Andrew Hill of Liverpool University described a country innovation concept at the conference: High taxation of tobacco and alcohol products. Because tobacco kills about 6 million people annually, and alcohol an estimated 2.5 million, both recreational or lifestyle compounds are reasonable targets for generation of health monies. Hill has found that the products are grossly under-taxed in poor and middle income countries. In the UK a pack of cigarettes is taxed at 80 percent (up to $9.00), versus a mere $0.47 tax in Kenya. Hill suggests a Global Health Charge levied at a rate of 1 cent per liter of alcohol and 10 cents per pack of cigarettes would generate sufficient revenue in most countries hard hit by HIV to cover much of their HIV budgets. For example, such a Charge levied in Kenya would generate $63 million in funds to provide HIV treatment. This sort of “sin tax,” as it is called in the U.S., if applied in Nigeria, Uganda, Botswana, Thailand, Vietnam, India, Brazil, Russia, Ukraine and China would, combined, generate $2.57 billion/year, Hill says.

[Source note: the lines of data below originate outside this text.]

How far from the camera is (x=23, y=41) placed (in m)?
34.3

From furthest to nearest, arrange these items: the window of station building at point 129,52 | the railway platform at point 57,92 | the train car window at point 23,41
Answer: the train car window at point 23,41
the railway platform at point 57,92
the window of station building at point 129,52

If applied globally, the Global Health Charge on tobacco and alcohol would generate $11 billion/year, according to UNAIDS. A modest levy on airlines, mirroring France’s Unitaid tax on flights landing and taking off from the country’s airports, would generate $3 billion/year if applied in all OECD nations. A further $11 billion could be garnered from a levy on shipping and airplane fuel. And $35 billion could come from taxing large currency exchanges; $150 billion could be generated from a small tax on every massive financial transaction, UNAIDS says.
Of course, if any of these innovations were implemented great competition for the funds would ensue. HIV is hardly the sole cause searching for billions of dollars: Climate change adaptation, a long list of other health systems and disease issues, refugee and humanitarian response, water scarcity issues, agricultural development and food security, and dozens more. When the numbers are tallied it looks like “problem solved,” but none of the finance innovations can be enacted without significant political support, and decisions regarding disbursements will be equally politically charged.
Back to the World Bank
HIV has changed our world – and our World Bank. A former AIDS researcher, Jim Kim, is now President of the Bank, and at the urging of the Obama Administration the Bank now collaborates of health financing decisions with USAID, PEPFAR, UNAIDS, the Global Fund and other major agencies. But the Bank’s resources are pitiful compared to the scale of need.
It is in a better position to offer ideas for smart financing and cost efficiencies, than actual largesse.
So it was interesting that the World Bank marked the XIXth International AIDS Conference with a debate over spending for HIV/ADS in an era of diminishing resources.
Jeffrey Sachs drew thunderous applause when he opened the debate: “The proposition is a sham,” he declared. “Because we are not in a resource constrained environment. The whole thing is a sham – rich people don’t want to pay even when they have more money than they can dispose of in 20 lifetimes. This is so much bunkum, this whole idea that we have a budget constraint.”
“Sachs is inspiring,” Mead Over responded. “If he was running for President I might vote for him. I agree we should have a stronger progressive tax. But a Minister of Finance of a poor country can’t get at Mitt Romney’s tax haven money.”